Now you have your shortlist it’s time to set up some demos.
Tip: If there’s a particular company that you’d like to work with but their system doesn’t tick all the boxes, try asking if they would be able to add what you need. Companies often come to us with suggestions and requests for new features and we’re more than happy to accommodate them.
3. DO YOU WANT TO INTEGRATE YOUR OMS WITH OTHER SYSTEMS?
If the answer is yes, then make a note of all the systems that you want your OMS to integrate with. This makes it easy to check with vendors if it’s possible to do, bear in mind that the more integrations you need, the higher the cost is likely to be.
Don’t get distracted by the number of integrations available because you’ll probably never use most of them. Instead, try to focus on vendors who can integrate with the solutions that you currently use or plan to in future.
Tip: Just because the integration isn’t listed on the website doesn’t mean it’s not possible. Try shooting a quick email or pick up the phone and ask them, they’ll be more than happy to help you out.
4. HOW MUCH ARE YOU PREPARED TO SPEND?
Your Order Management system will play a crucial role in the success of your business so while low-cost solutions may be tempting, it is worthwhile considering more expensive solutions that can be configured to match your process.
The cost of an Order Management System will vary from vendor to vendor so make sure you have a budget in mind. Consider how much you’d ideally like to spend and the absolute maximum amount you are willing to pay.
It’s important to be realistic when setting your budget and keep in mind that there may be setup fees. The price will often be affected by the complexity of the system, the number of integrations and users, and project timescales.
So, if you’re looking for a complex system with lots of integrations within a couple of weeks then prepare to pay a hefty sum.
5. ARE YOUR PROCESSES LIKELY TO CHANGE?
Think about how often your order management processes evolve. If they are rigid and unlikely to change then flexibility may not be a big concern.
On the other hand, if your processes are continually changing to incorporate the latest technology or react to a competitor then flexibility will be crucial for your business.
If you need a flexible order management system then try to find out how easy it is to make changes and if these can be made by yourself as some vendors will charge a fee.
Our order management system is highly flexible and allows you to create custom solutions and edit them quickly and easily. Changes can then be rolled out immediately to all new orders and can also be applied to historical orders in your system.
6. WHAT HARDWARE AND OPERATING SYSTEMS DO YOU HAVE?
If you don’t know already, find out the specifications of your existing computers and equipment. It’s important to know this so that vendors can advise whether their software will work on your current setup.
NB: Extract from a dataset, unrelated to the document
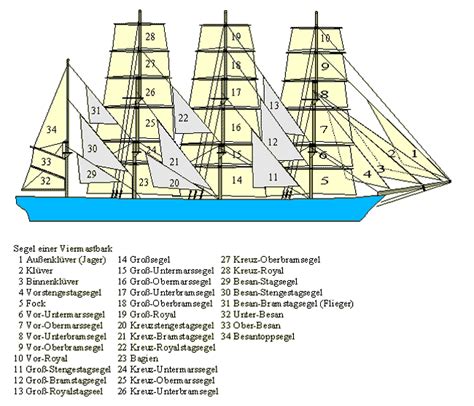 Ein schiff stürmen - 6 buchstaben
This can help whittle down your vendor shortlist by removing those that won’t work.
However, if you’re planning to buy all new equipment or upgrade existing kit then make sure you get vendors to provide accurate specifications of what you will need.
Cloud-based solutions like CaseBlocks are great as they are accessed through your web browser rather than installed on your desktop so all you really need to worry about is having an internet connection.
7. WHAT SKILLS DO YOUR EMPLOYEES HAVE?
Think about the employees who will be using the order management system daily. Are they familiar with computers or are they used to paper-based processes? Do they have any technical skills? How steep is the learning curve with the new software? Do you need to hire employees with different skills?
While some order management systems only need some basic training, others may require users have some technical skills or participate in an in-depth training course. It’s important to consider your team’s existing skills and the amount of time and money you want to invest in training.
Implementing an overly complicated system can result in a low adoption rate, poor morale and increased mistakes if staff aren’t comfortable with it, however, although a simpler system may be more productive initially it may not be able to do everything you need in the long run so it’s important to consider the trade-offs between systems.